Bu sözler, yalnızca fiziksel bir coğrafyanın değil, ideolojik bir merkez oluşturmanın da ifadesidir. Kurucu kadro, bozkırda boşluğa ev kurarken aslında Cumhuriyet’in geleceğine merkez inşa ediyordu.

“BU SADECE EV DEĞİLDİ, BİR YERLEŞME CESARETİYDİ”
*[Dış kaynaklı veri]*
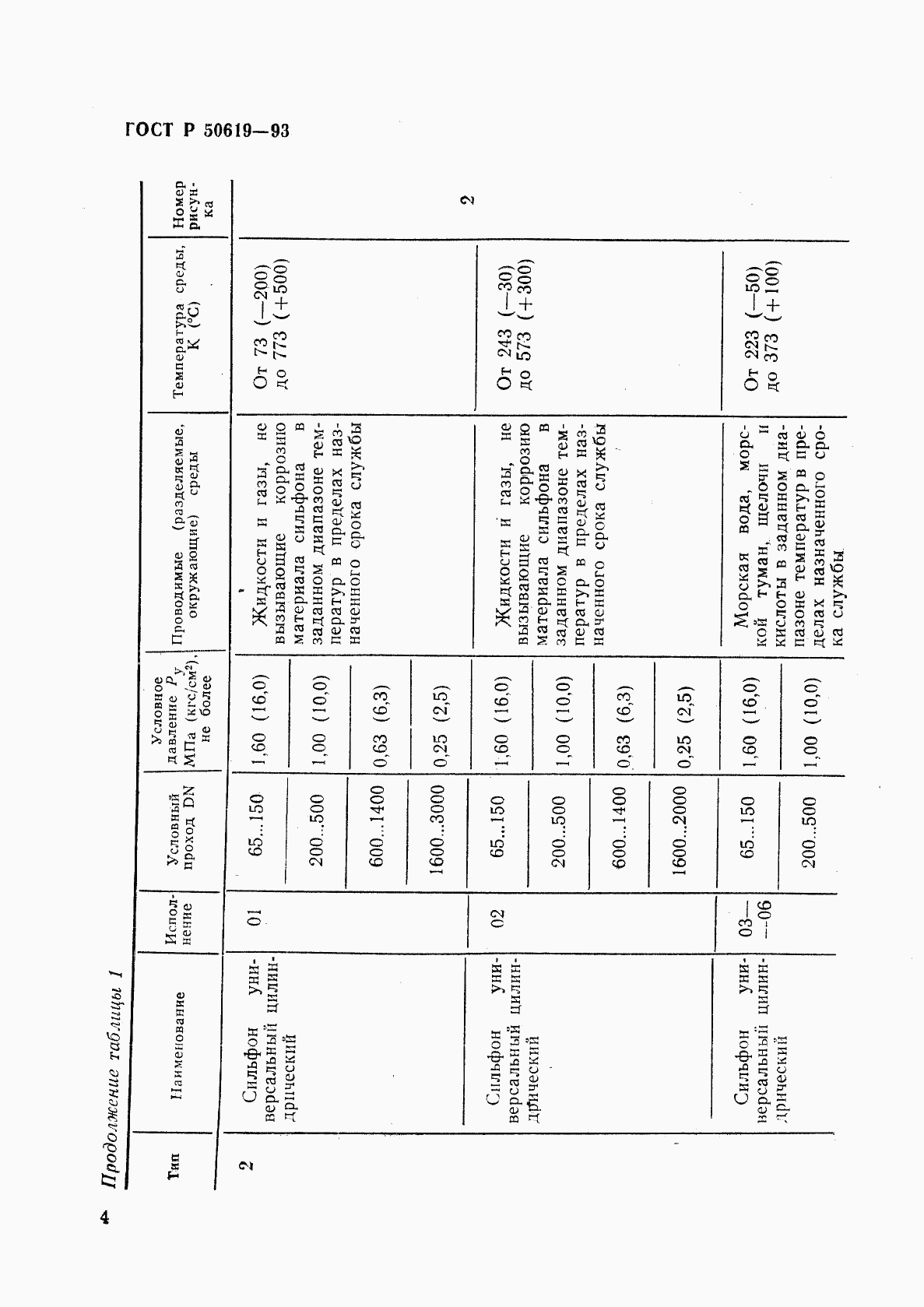 ГОСТ Р 50619-93, страница 7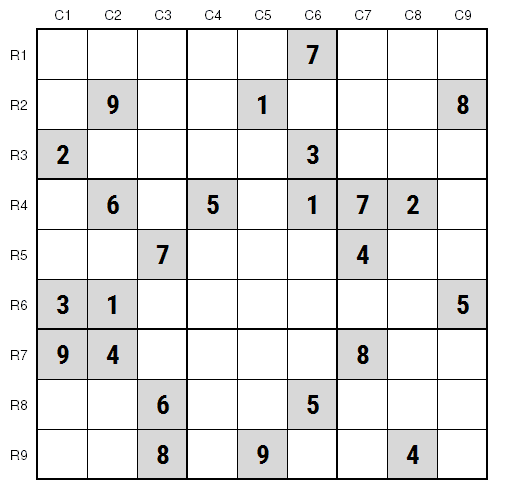 NYT Sudoku Very Hard April 20, 2024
Bahçelievler’in ilk evleri dikildiğinde etrafta ne bir bakkal vardı ne de düzgün bir yol. Toplu taşımadan söz edilemezdi. Ama kurucular, Uzgören’in deyimiyle “yerleşim cesareti” göstermişlerdi:

"Geceleri karanlıktı. Bozkır sessizdi. Ama gündüz olduğunda eller kürek tutuyordu, çocuklar toprakla oynuyordu. Bahçelievler, aslında bir inşaat değil, bir göç hikâyesidir. Kendi şehrimize göç ettik biz."